### DATA FOR THIS EXERCISE
□ □ □ □ □ □ □
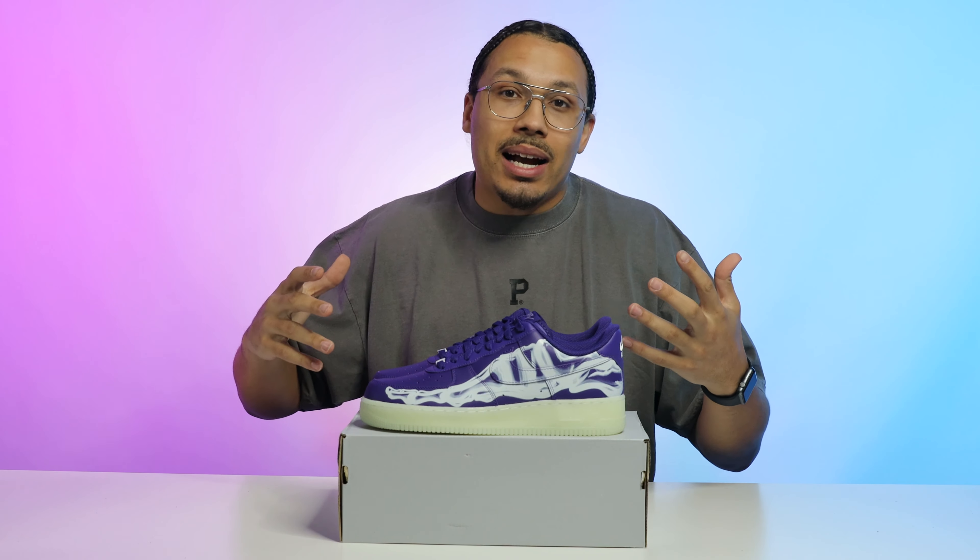We need to talk about pricing, the value of the sneaker, whether it's going to go up, and the overall community poll on whether this shoe is fire or trash. This is what the people said: 66% chose fire and 34% chose trash. I get it — not everybody is going to like this shoe — but I feel like the majority will, and the numbers honestly represent this shoe pretty well.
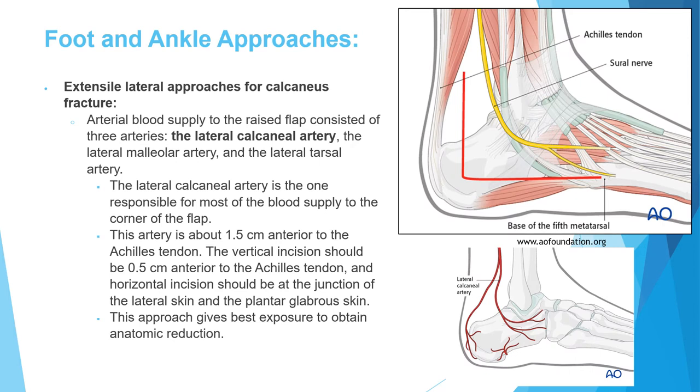An important incision in foot and ankle surgery is the extensile lateral approach, used for calcaneal fractures. It gives the best exposure for anatomic reduction but requires raising a flap. The blood supply of the flap is mainly from the lateral calcaneal artery, which is about 1.5 centimeters anterior to the Achilles tendon. Therefore, the vertical incision should be about 0.5 centimeters from the Achilles to avoid injuring that artery. The horizontal incision is at the junction of the lateral skin with the plantar glabrous skin.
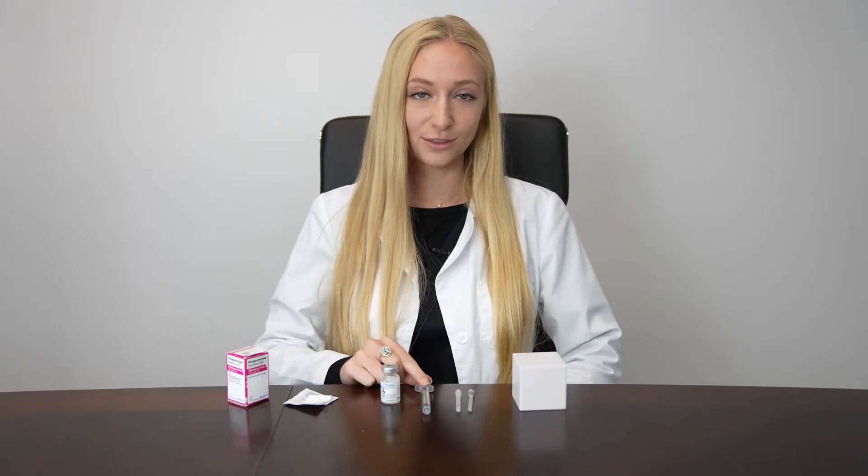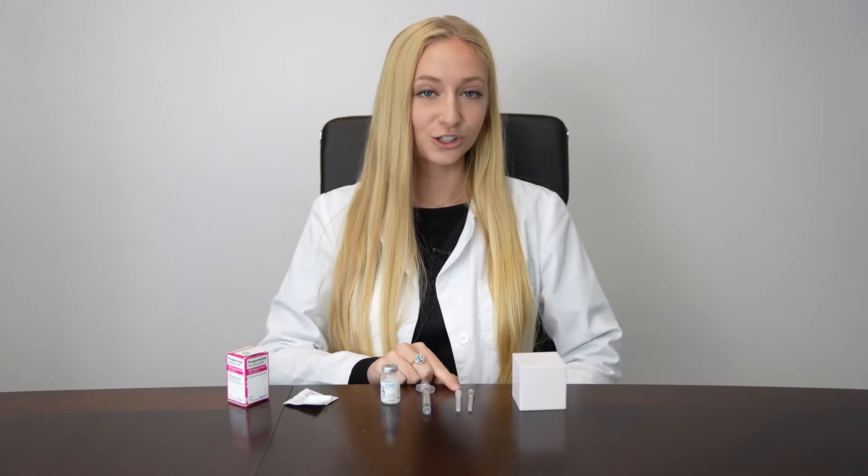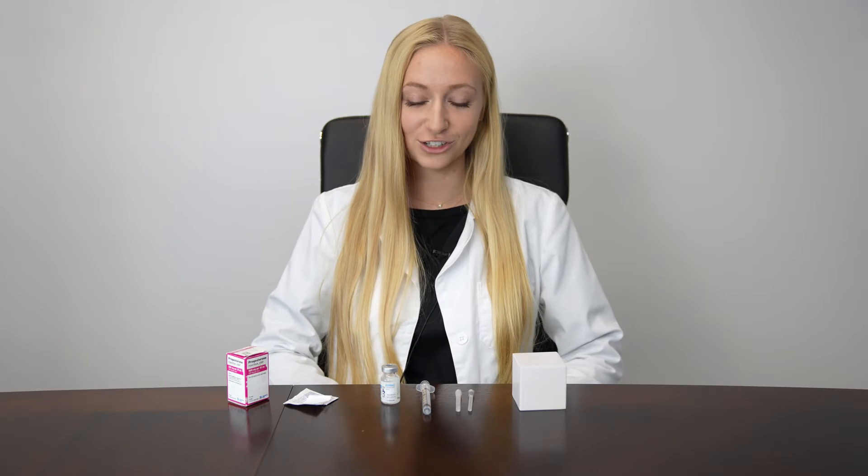The concentration in your vial should be 500 milligrams per 10 ml. In addition to your vial of progesterone in oil, you should have a 3 ml syringe, a larger 18 gauge 1½ inch needle for mixing, and a 22 or 25 gauge 1½ inch needle for injection.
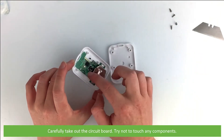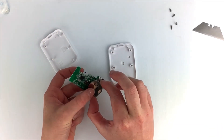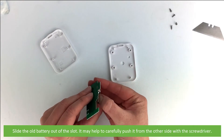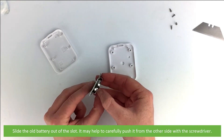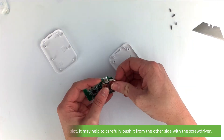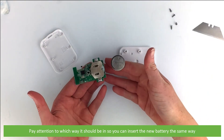Carefully take out the circuit board — try not to touch any of the components. Then slide the old battery out of the slot. It may help to carefully push it from the other side with the screwdriver. Pay attention to which way it should be in so you can insert the new battery the same way.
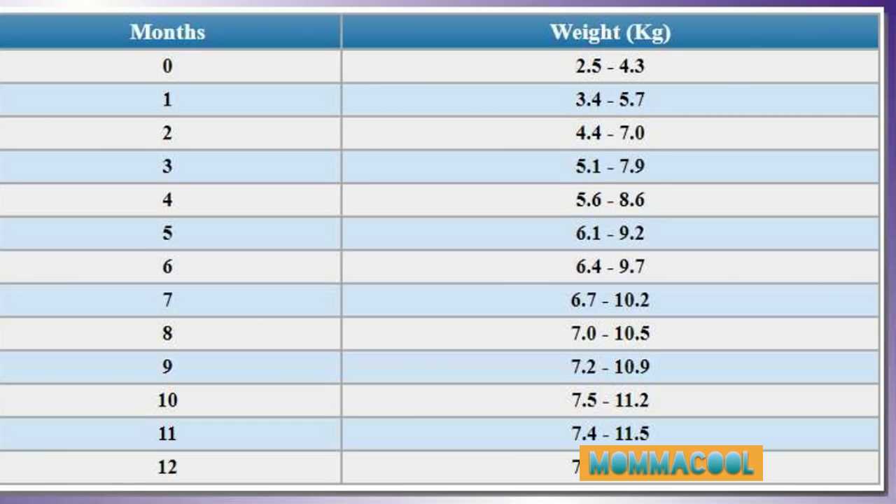The birth weight ranges shown in the chart are as follows: 7.2 to 10.9, then 7.5 to 11.2, then 7.4 to 11.5, and then 7.8 to 11.8.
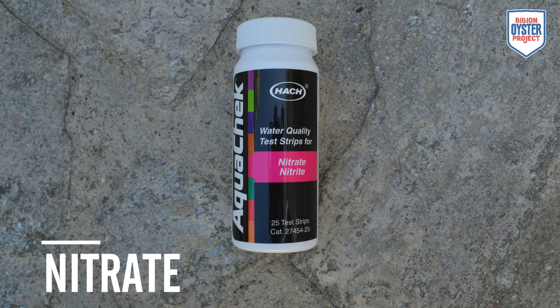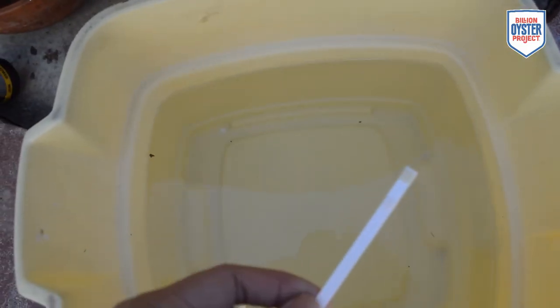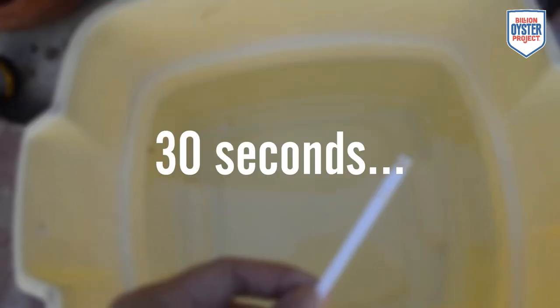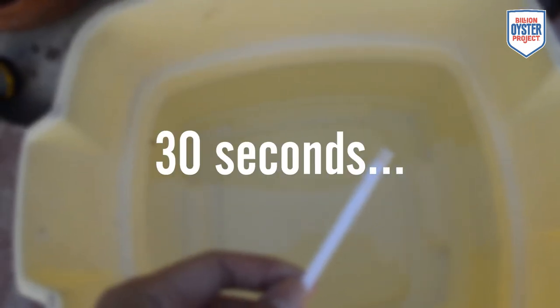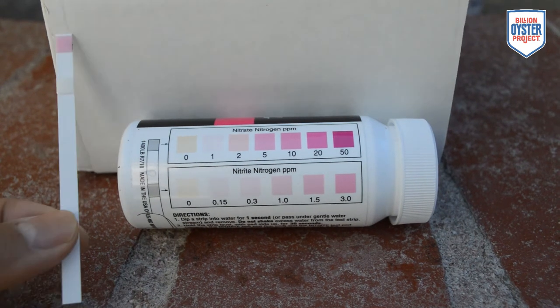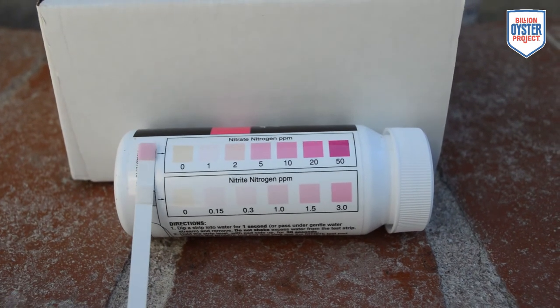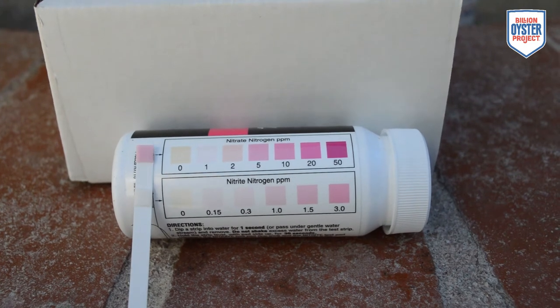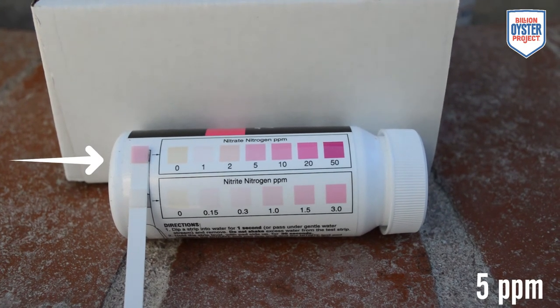To measure nitrates, we will be using AquaCheck water quality test strips for nitrates and nitrites. Dip a test strip into water for one second and remove immediately. Do not shake excess water from the test strip. Hold the strip level with pad side up for 30 seconds. Compare the nitrate test pad, pictured here at the tip of the strip, to the color chart on the bottle. Record the result, and note that this test is in parts per million.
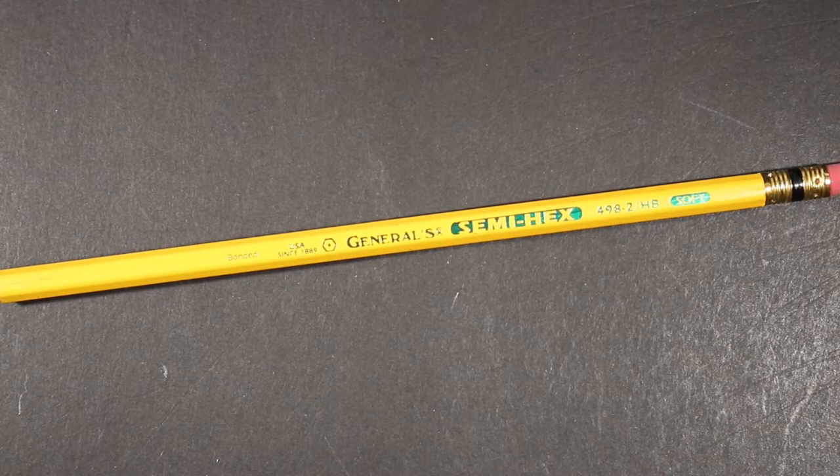Welcome to another edition of Always Analog, where we celebrate the beauty of analog technology in the digital world. Today is a pencil review — so many pencils, so little time.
□ □ □ □ □ □ □
### ACTIVITY
Only the lines from the one containing "Carefully take out" through the final line of the material should appear in the answer, copied exactly and without any picture.

### WRITTEN ANSWER
Carefully take out the circuit board — try not to touch any of the components. Then slide the old battery out of the slot. It may help to carefully push it from the other side with the screwdriver. Pay attention to which way it should be in so you can insert the new battery the same way.
The birth weight ranges shown in the chart are as follows: 7.2 to 10.9, then 7.5 to 11.2, then 7.4 to 11.5, and then 7.8 to 11.8.
To measure nitrates, we will be using AquaCheck water quality test strips for nitrates and nitrites. Dip a test strip into water for one second and remove immediately. Do not shake excess water from the test strip. Hold the strip level with pad side up for 30 seconds. Compare the nitrate test pad, pictured here at the tip of the strip, to the color chart on the bottle. Record the result, and note that this test is in parts per million.
Welcome to another edition of Always Analog, where we celebrate the beauty of analog technology in the digital world. Today is a pencil review — so many pencils, so little time.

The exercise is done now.